NASA’s Kepler space telescope, which has discovered 70 percent of the 3,800 confirmed alien worlds to date, has run out of fuel, agency officials announced last October 30.
Kepler can no longer reorient itself to study cosmic objects or beam its data home to Earth, so the legendary instrument’s in-space work is done after nearly a decade.
And that work has been transformative.
“Kepler has taught us that planets are ubiquitous and incredibly diverse,” Kepler project scientist Jessie Dotson, who’s based at NASA’s Ames Research Center in Moffett Field, California said.
“It’s changed how we look at the night sky.”
The announcement was not unexpected. Kepler has been running low on fuel for months, and mission managers put the spacecraft to sleep several times recently to extend its operational life as much as possible.
But the end couldn’t be forestalled forever; Kepler’s tank finally went dry two weeks ago, mission team members said during a telecon with reporters today.

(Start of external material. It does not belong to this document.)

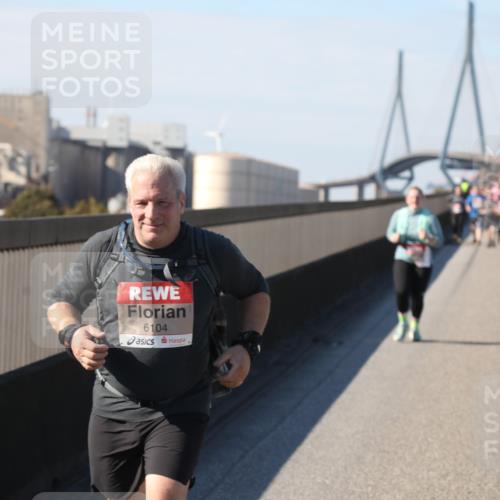 03.10.2025 - Köhlbrandbrückenlauf Yannick Fuchs http://msf.ph/oto/9190646 03.10.2025 12:10:37 Position 3 6104 meine-sportfotos.de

“This marks the end of spacecraft operations for Kepler, and the end of the collection of science data,” Paul Hertz, head of NASA’s Astrophysics Division, said during the telecon.
Not done yet
Even though Kepler has closed its eyes, discoveries from the mission should keep rolling in for years to come.
About 2,900 “candidate” exoplanets detected by the spacecraft still need to be vetted, and most of those should end up being the real deal, Kepler team members have said.
A lot of other data still needs to be analyzed as well, Dotson stressed.
And Kepler will continue to live on in the exoplanet revolution it helped spark.
For example, in April, NASA launched a new spacecraft called the Transiting Exoplanet Survey Satellite (TESS), which is hunting for alien worlds circling stars that lie relatively close to the sun (using the transit method, just like Kepler).
Kepler’s death “is not the end of an era,” Kepler system engineer Charlie Sobeck, also of NASA Ames said. “It’s an occasion to mark, but it’s not an end.”